▸ Exercise requirements:
What is needed is a word-for-word copy of the listing below, without pictures.

────

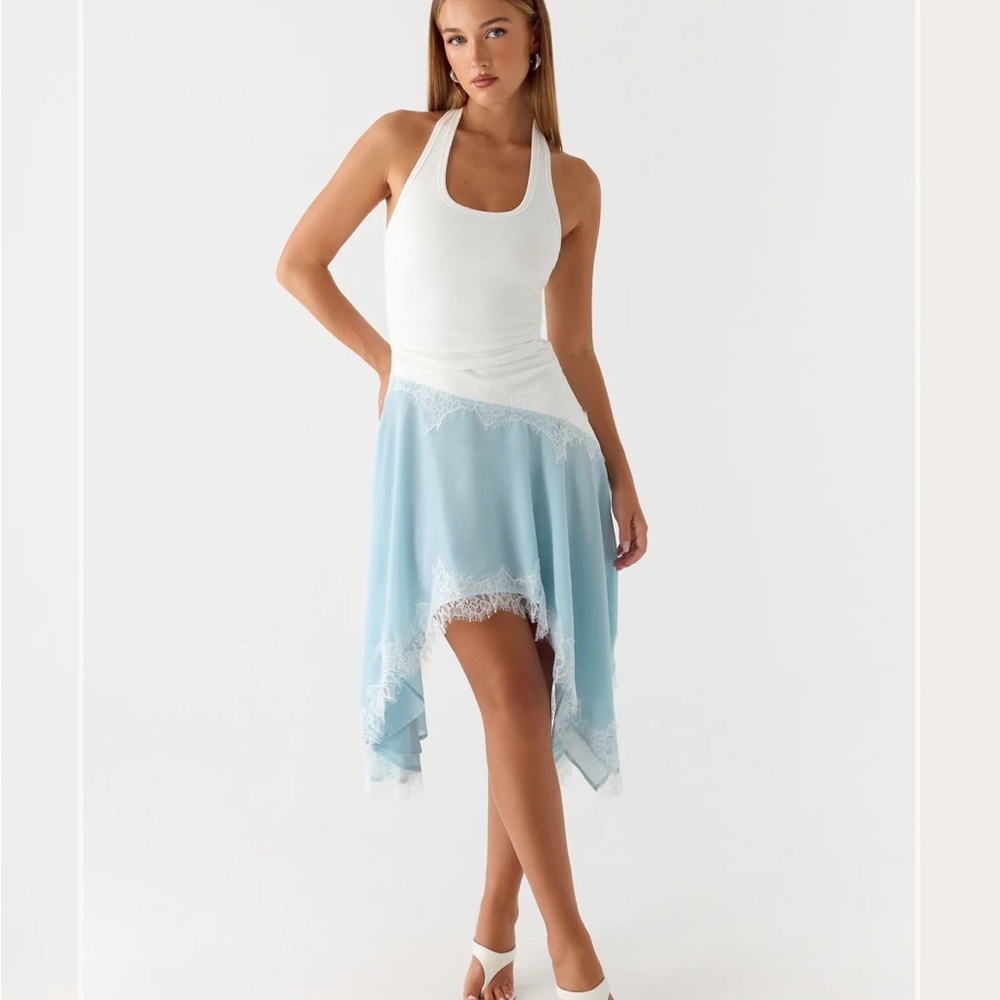 Peppermayo Brionee Midi White and Light Blue Lace Trim Halter Dress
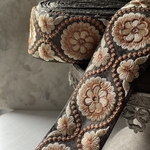 [実物のお色味と違う場合があります] インド刺繍リボン　花　インド刺繍　スパンコール　刺繍リボン　リボン　りぼん　※10月8日よりゆうパケットにて発送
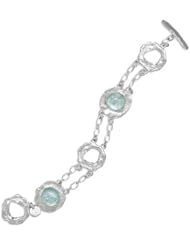 7.5" Double Strand Round Textured Silver and Roman Glass Toggle Bracelet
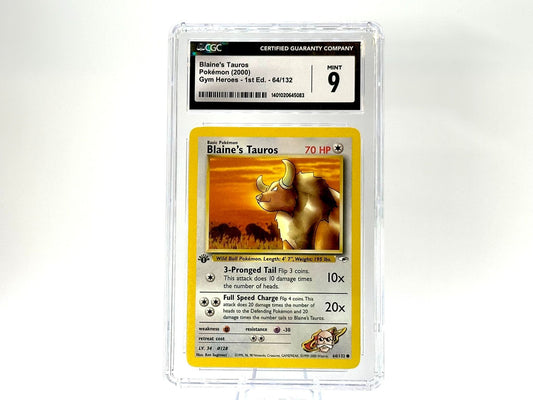 Graded - 1st Edition - Blaine's Tauros - Gym Heroes [64/132] - 2000 WOTC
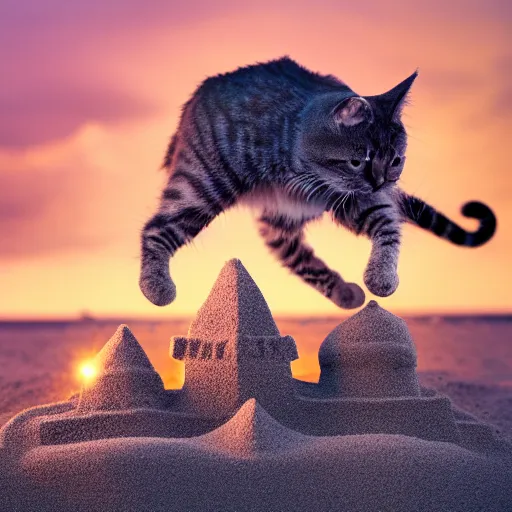 Prompt: photo of a cat building a sandcastle on a beach, photorealistic, 8 k photo, golden hour, award winning editorialized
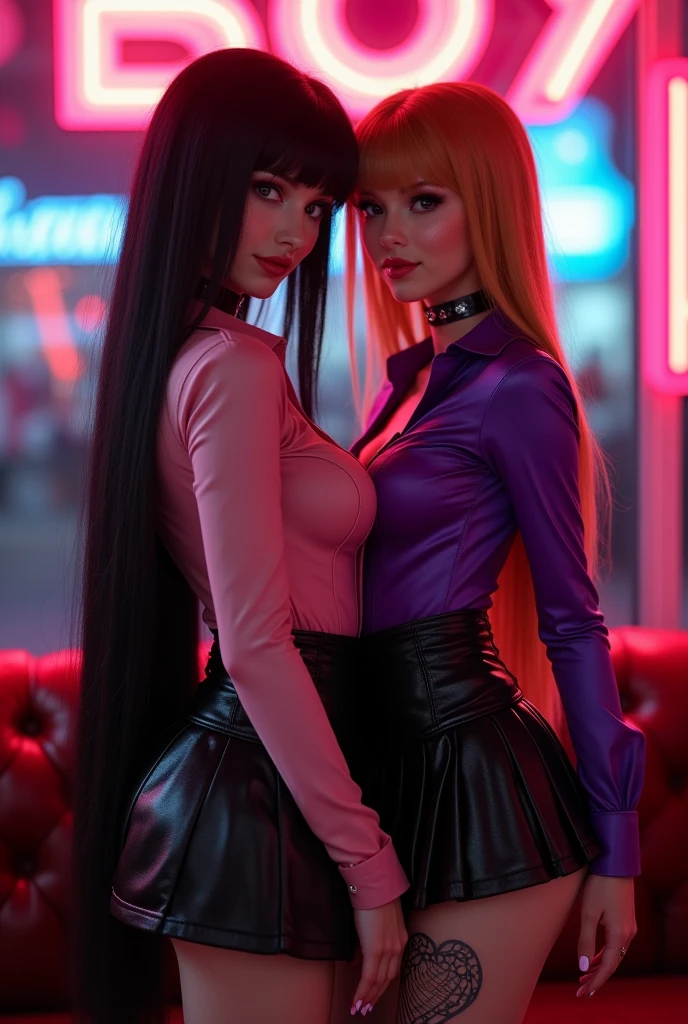 two women dancing and touching each other, uma tem cabelos rosas e olhos verdes, wears dark pants and a leather jacket, a outra tem longos cabelos pretos e olhos brancos, veste um vestido apertado, the two are in a nightclub dancing, elas sao sexys e apaixonadas, the blue and red lights of the dark nightclub are the only thing in the background, sombra de pessoas longe, but the focus is on them and their sensual dance, the one in pink wears pants and a leather jacket.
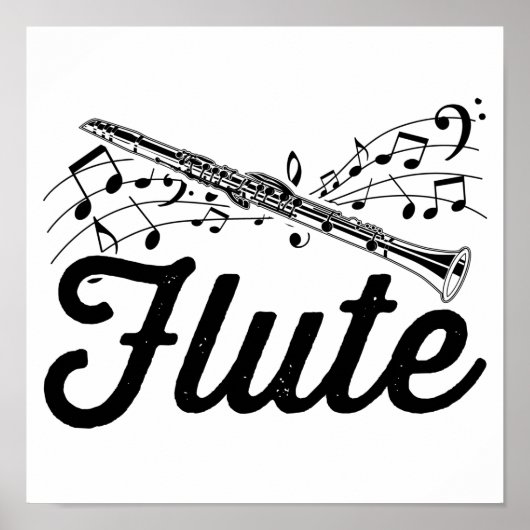 Flutist Musician | Flute Orchestra Geschenkidee Poster (Vorne)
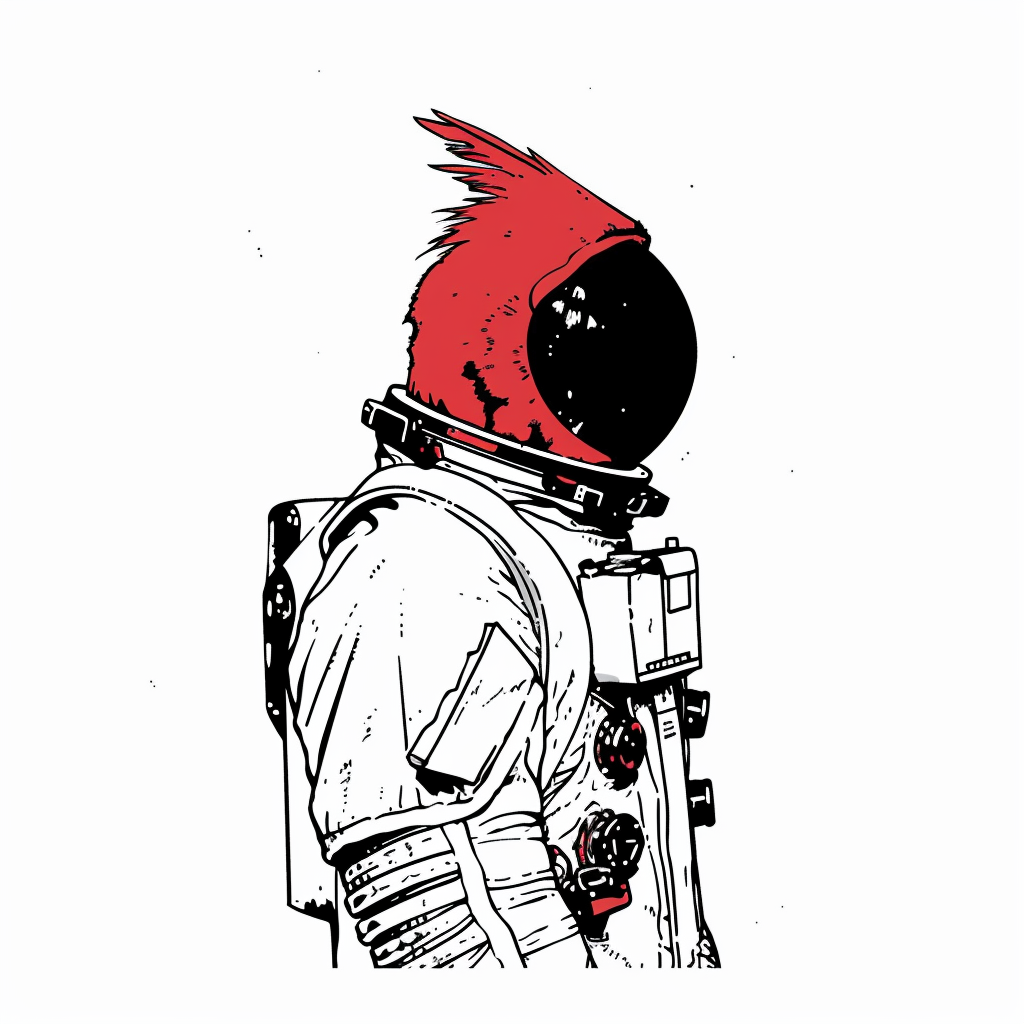 Sticker of a Cardinal Bird majestic Expressive surreal Vinyl Decal Sticker for Car, Laptop, Tumbler and more # F024244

────

▸ Task result:
 Peppermayo Brionee Midi White and Light Blue Lace Trim Halter Dress
 [実物のお色味と違う場合があります] インド刺繍リボン　花　インド刺繍　スパンコール　刺繍リボン　リボン　りぼん　※10月8日よりゆうパケットにて発送
 7.5" Double Strand Round Textured Silver and Roman Glass Toggle Bracelet
 Graded - 1st Edition - Blaine's Tauros - Gym Heroes [64/132] - 2000 WOTC
 Prompt: photo of a cat building a sandcastle on a beach, photorealistic, 8 k photo, golden hour, award winning editorialized
 two women dancing and touching each other, uma tem cabelos rosas e olhos verdes, wears dark pants and a leather jacket, a outra tem longos cabelos pretos e olhos brancos, veste um vestido apertado, the two are in a nightclub dancing, elas sao sexys e apaixonadas, the blue and red lights of the dark nightclub are the only thing in the background, sombra de pessoas longe, but the focus is on them and their sensual dance, the one in pink wears pants and a leather jacket.
 Flutist Musician | Flute Orchestra Geschenkidee Poster (Vorne)
 Sticker of a Cardinal Bird majestic Expressive surreal Vinyl Decal Sticker for Car, Laptop, Tumbler and more # F024244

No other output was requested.